ChAdOx1 nCoV-19 vaccine for SARS-CoV-2 – Authors' reply

We agree with Anil Chauhan and colleagues that recording of anaphylaxis is important when testing a new vaccine. All participants in the trial were observed in the clinic for at least 30 min after they were vaccinated, and no cases of anaphylaxis occurred.¹

1067 participants in the trial were randomly assigned (1:1) to receive either ChAdOx1 nCoV-19 or the control meningococcal conjugate vaccine (MenACWY), with an additional ten participants enrolled into a non-randomised subgroup, who all received two doses of the ChAdOx1 nCoV-19 vaccine. There were no additional criteria for the selection of participants for this group, other than their willingness to receive two doses of vaccine and attend additional study visits for blood sampling.

Chauhan and colleagues emphasise the different numbers of participants analysed at different timepoints in figure 3.¹ The variation in numbers is due to the timing of blood sampling for different groups in the trial. Only a subset of participants enrolled in group 1 or group 3 had blood samples taken at days 7, 14, and 56. All participants had baseline and day 28 samples taken but, due to low laboratory capacity, not all samples had been tested at the time of publication and so we reported the data that were available at the time of publication. Further data on immunogenicity will be available in the future.

Receipt of prophylactic paracetamol with the ChAdOx1 nCoV-19 vaccine did not result in higher rates of itching than for participants who did not receive paracetamol with this vaccine, as can be seen in the analysis in figure S2 in the appendix,¹ in which the p value for comparison of itching in partici­pants who received paracetamol and participants who did not was p=0·85.

Chauhan and colleagues are correct that an assessment of vaccine efficacy is not usually a part of a phase 2 trial. The large size of the trial and the inclusion of efficacy as an endpoint emphasise the unusual circumstances in which research into COVID-19 vaccines is being done. These are unprecedented times in vaccine research.

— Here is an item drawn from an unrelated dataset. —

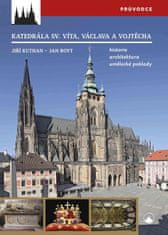 Kuthan Jiří, Royt Jan,: Katedrála svatého Víta, Vojtěcha a Václava - Historie, architektura, uměleck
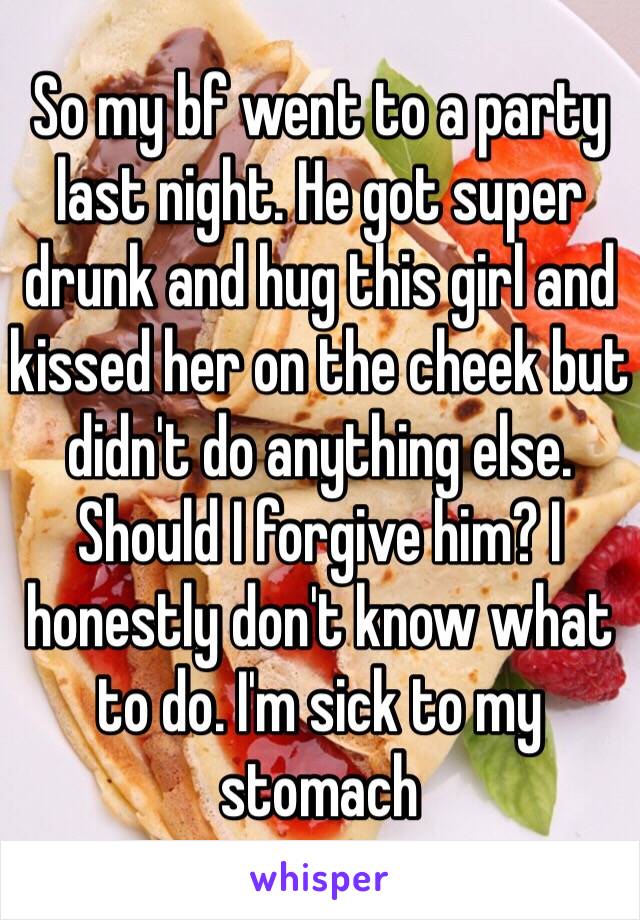 So my bf went to a party last night. He got super drunk and hug this girl and kissed her on the cheek but didn't do anything else. Should I forgive him? I honestly don't know what to do. I'm sick to my stomach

We are pleased to read the Correspondence from Archie Lodge, a participant in the trial, and thank him for his time and commitment to participating in this important research. As Lodge rightly points out, maintaining participant masking in any trial is of great importance, as a participant with knowledge of which vaccine they received might alter their behaviour, such as physical-distancing measures, potentially introducing bias into study findings. For this reason, we selected a control vaccine (MenACWY) that also elicited local and systemic reactions in some participants, although reaction rates were lower than for the ChAdOx1 nCoV-19 vaccine. For any individual, it is difficult for them to know whether the reactions that they had were related to the investigational vaccine or the control vaccine. Although some participants might draw conclusions about the vaccine that they received on the basis of figure 1 of our Article,¹ it is important, and standard practice, that safety data are presented openly in this way. We strongly recommend that all trial volunteers continue to protect themselves and their contacts from the pandemic virus by following public health guidance, as participants cannot identify which trial arm they were assigned to until formal unmasking occurs at the end of the trial.